Through the gracious power of God’s ongoing Easter, we are being
re-born to the truth that spirit and mystery are interwoven, purposefully and
inextricably, within the miracle of our physical selves.
While we cannot know exactly what
happened inside the tomb between Friday afternoon and Sunday morning, an Easter
faith is not about explaining mystery. It’s about participating in it. Here and
now.
All of this sounds happy and good.
It’s stuff you expect from a preacher on Easter Sunday. But I have to be honest,
while preparing these words, this
preacher felt like someone trying to breathe underwater. With the Palm Sunday
bombings in Egypt, the unleashing of the mother
of all bombs in Afghanistan, the rattling of nuclear sabers, anniversaries
of tragedies at Virginia Tech and the Boston Marathon, not to mention the ceaseless
and self-righteous rhetoric of blame coming from political leaders everywhere,
Holy Week felt anything but holy.
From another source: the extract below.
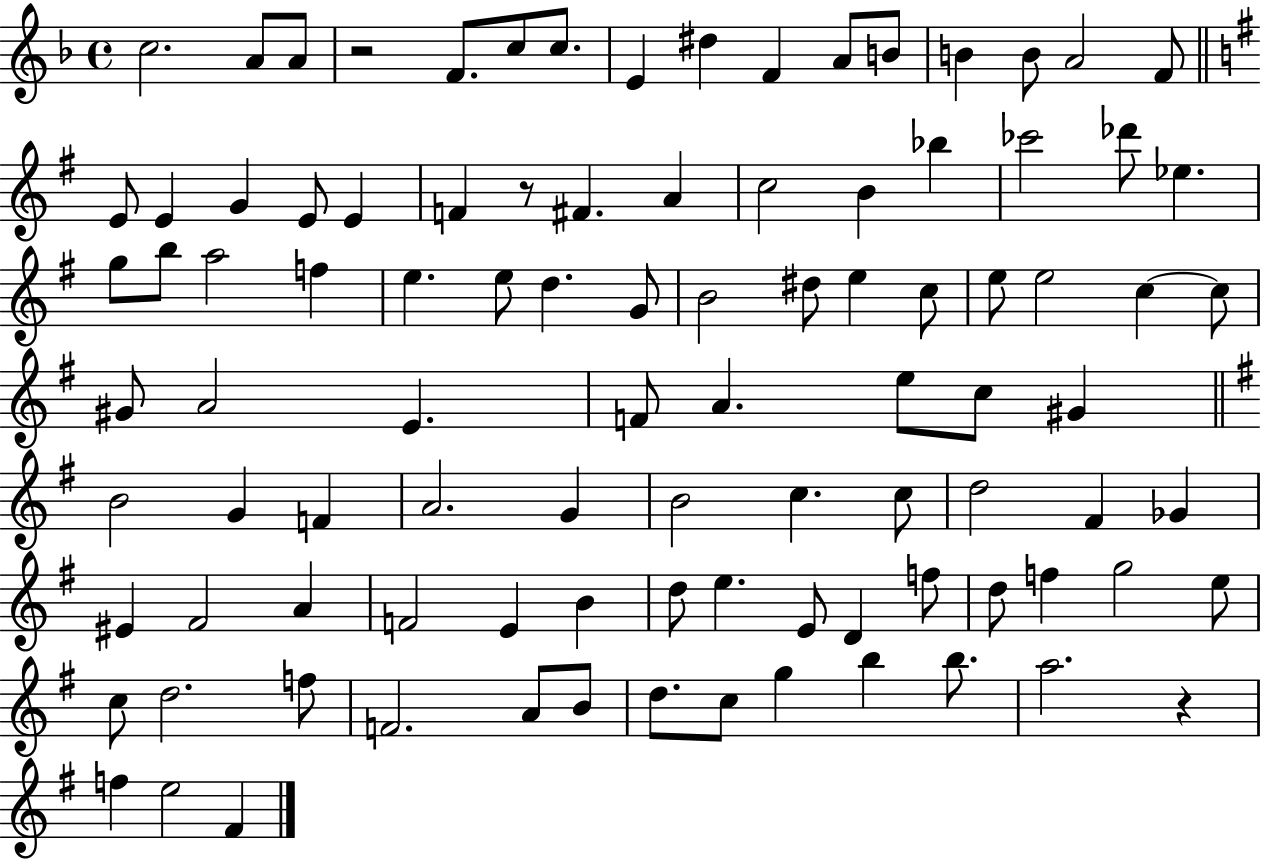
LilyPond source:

Around the world and right here at home, despair
often seems more justified than hope, and death more powerful than Resurrection.
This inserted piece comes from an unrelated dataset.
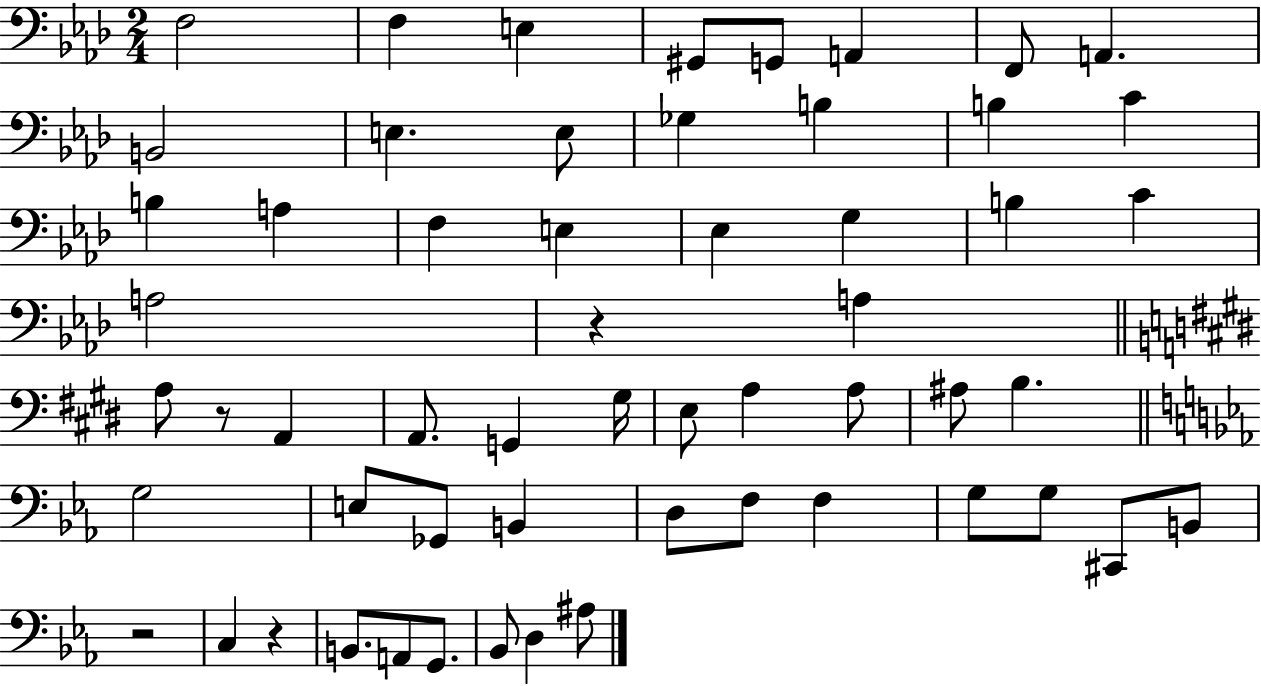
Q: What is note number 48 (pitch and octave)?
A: B2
The simple truth is that while
Easter declares God’s redemption of
sin and brokenness, Easter does not end
it. We still live outside the tomb where, right alongside the ineffable splendor
of sunrises, birdsong, and our own laughter, there lives that dangerous deathliness
of hate, fear, greed, and foolishness.
I wish I had magic words to make
all that go away, or even seem less dire. Since I don’t, here’s the best I can
do: Resurrection empowers us to live in the midst of and over against all that
deathliness with the very Love of God. God’s Love is a learned gift. It’s a
discipline. And our example is Christ himself, who, “though he was in the form
of God…emptied himself, taking the form of a slave…he humbled himself and
became obedient to the point of death…on a cross.” (From Philippians 2:6-8)
This, the great good news, delivers
us to our most challenging work – following Jesus. Trusting him. Sharing him. Discovering
the deep, transforming reaches of discipleship, means taking up the practice of
emptying ourselves for others, just as Jesus empties himself for all Creation.
One of my heroes is Mississippian Will Campbell. Campbell,
who died in 2013, was raised and ordained a fire-breathing fundamentalist, but
early in his career, he began a process of self-emptying that led to a life of
ongoing Easter faith.
In the 1950’s, Will Campbell got actively involved in the
Civil Rights Movement. In the late 60’s, as part of a speech he gave at a national
meeting of college students, he had the students watch a documentary which took
the viewers inside a Ku Klux Klan induction ceremony. In one scene, the
inductees were lined up and given the order, “Left face!” One member of the
group, a boy whom Campbell remembers as looking particularly scared and
pathetic, turned right instead of left and threw the whole pack into confusion.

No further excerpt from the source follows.